Unfortunately, most long-term climatological time series have been affected by a number of nonclimatic factors that make these data unrepresentative of the actual climate variation occurring over time. These factors include changes in: instruments, observing practices, station locations, formulae used to calculate means, and station environment. Some changes cause sharp discontinuities while other changes, particularly change in the environment around the station, can cause gradual biases in the data. All of these inhomogeneities can bias a time series and lead to misinterpretations of the studied climate. It is important, therefore, to remove the inhomogeneities or at least determine the possible error they may cause.

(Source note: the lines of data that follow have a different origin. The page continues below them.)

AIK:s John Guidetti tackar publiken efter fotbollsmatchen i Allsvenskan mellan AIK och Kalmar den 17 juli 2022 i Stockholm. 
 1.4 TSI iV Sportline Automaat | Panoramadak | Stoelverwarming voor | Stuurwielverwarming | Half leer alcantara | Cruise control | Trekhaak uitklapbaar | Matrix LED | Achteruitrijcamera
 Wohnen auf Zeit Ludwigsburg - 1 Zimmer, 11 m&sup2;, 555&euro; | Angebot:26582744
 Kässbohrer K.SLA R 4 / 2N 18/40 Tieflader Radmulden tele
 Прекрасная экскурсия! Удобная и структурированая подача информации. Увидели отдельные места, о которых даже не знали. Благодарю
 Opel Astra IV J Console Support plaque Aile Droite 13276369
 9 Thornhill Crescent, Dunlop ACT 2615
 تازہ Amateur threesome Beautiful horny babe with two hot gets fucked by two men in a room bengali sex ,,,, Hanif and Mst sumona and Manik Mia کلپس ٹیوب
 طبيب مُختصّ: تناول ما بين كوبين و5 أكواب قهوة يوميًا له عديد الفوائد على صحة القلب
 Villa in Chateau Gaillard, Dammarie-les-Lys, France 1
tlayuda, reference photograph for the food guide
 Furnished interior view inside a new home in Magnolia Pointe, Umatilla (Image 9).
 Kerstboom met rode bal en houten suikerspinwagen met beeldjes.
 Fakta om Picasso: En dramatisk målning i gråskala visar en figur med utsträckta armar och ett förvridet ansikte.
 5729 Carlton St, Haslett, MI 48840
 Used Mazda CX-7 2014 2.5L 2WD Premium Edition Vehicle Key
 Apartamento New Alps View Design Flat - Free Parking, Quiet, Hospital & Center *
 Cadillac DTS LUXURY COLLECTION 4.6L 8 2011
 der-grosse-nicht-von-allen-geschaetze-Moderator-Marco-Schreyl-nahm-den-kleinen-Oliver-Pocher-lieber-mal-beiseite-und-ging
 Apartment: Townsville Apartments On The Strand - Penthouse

That is temperature homogenisation is necessary to isolate and remove what Steven Mosher has termed measurement biases2, from the real climate signal. But how does this isolation occur?

Venema et al 20123 states the issue more succinctly.

The most commonly used method to detect and remove the effects of artificial changes is the relative homogenization approach, which assumes that nearby stations are exposed to almost the same climate signal and that thus the differences between nearby stations can be utilized to detect inhomogeneities (Conrad and Pollak, 1950). In relative homogeneity testing, a candidate time series is compared to multiple surrounding stations either in a pairwise fashion or to a single composite reference time series computed for multiple nearby stations. (Italics mine)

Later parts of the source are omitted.